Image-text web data
= Beginning of Section =

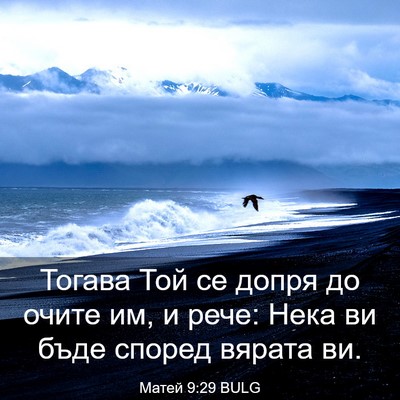 Picture 03 - Матей 9:29 BULG - Тогава Той се допря до - Bible Verse Picture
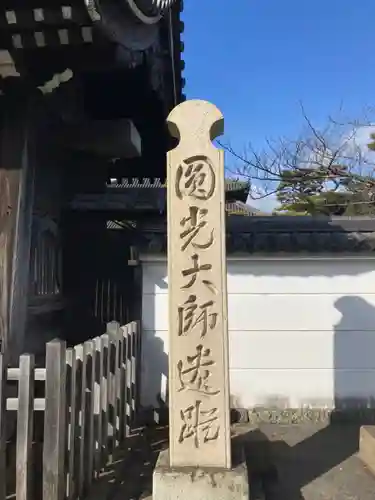 十輪寺の塔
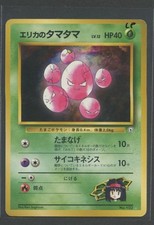 Erika's Exeggcute | Tamamushi City Gym Deck No. 102 | Pokemon Card Japanese LP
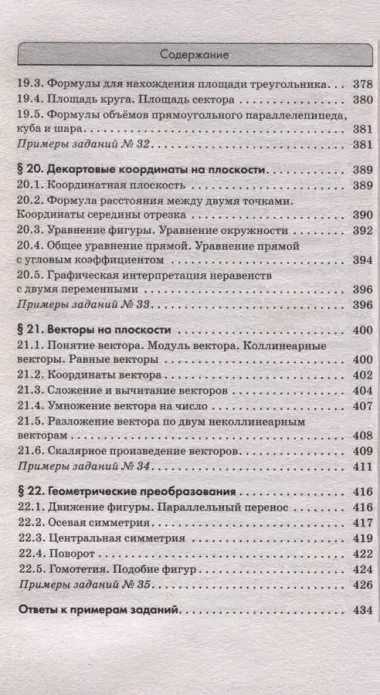 ОГЭ. Математика. Новый полный справочник для подготовки к ОГЭ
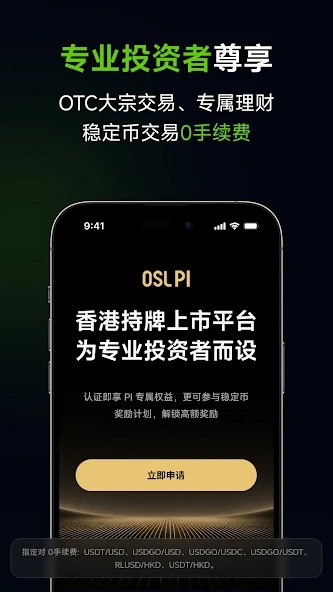 osl交易所截图3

= End of Section =

- [What is expected] Give back exactly the lines from the one with "ОГЭ. Математика. Новый" through the end of the records above, inclusive, and omit any pictures.

- [Exercise response]
 ОГЭ. Математика. Новый полный справочник для подготовки к ОГЭ
 osl交易所截图3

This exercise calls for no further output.